Kohl's reported lower-than-expected quarterly sales on Tuesday as a result of consumers spending less money at its department shops due to ongoing high inflation.
The company's shares, which are based in Menomonee Falls, Wisconsin, dropped 2.4% in premarket trading.
Due to rising interest rates, the need to repay student loans, the depletion of savings from the epidemic, and the resumption of loan repayments, American consumers are opting to prioritise spending more money on necessities while postponing non-essential purchases.
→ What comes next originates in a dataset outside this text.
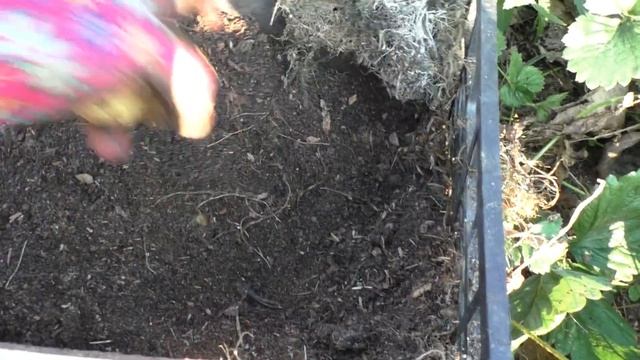 Результат посадки картофеля в ящики. Урожай 3,8 кг с двух клубней смотреть онлайн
According to LSEG data, its comparable sales fell by 5.5% in the third quarter, compared with analysts' expectations for a 3% decline.
For the third consecutive quarter, inventories decreased by 13% throughout the quarter.
In addition, the company increased its expectations for per-share earnings from $2.10 to $2.70 to the lower end of its annual profit prediction, which was previously set at $2.30 to $2.70.
(Source:www.reuters.com)
The company's shares, which are based in Menomonee Falls, Wisconsin, dropped 2.4% in premarket trading.
Due to rising interest rates, the need to repay student loans, the depletion of savings from the epidemic, and the resumption of loan repayments, American consumers are opting to prioritise spending more money on necessities while postponing non-essential purchases.
According to LSEG data, its comparable sales fell by 5.5% in the third quarter, compared with analysts' expectations for a 3% decline.
For the third consecutive quarter, inventories decreased by 13% throughout the quarter.
In addition, the company increased its expectations for per-share earnings from $2.10 to $2.70 to the lower end of its annual profit prediction, which was previously set at $2.30 to $2.70.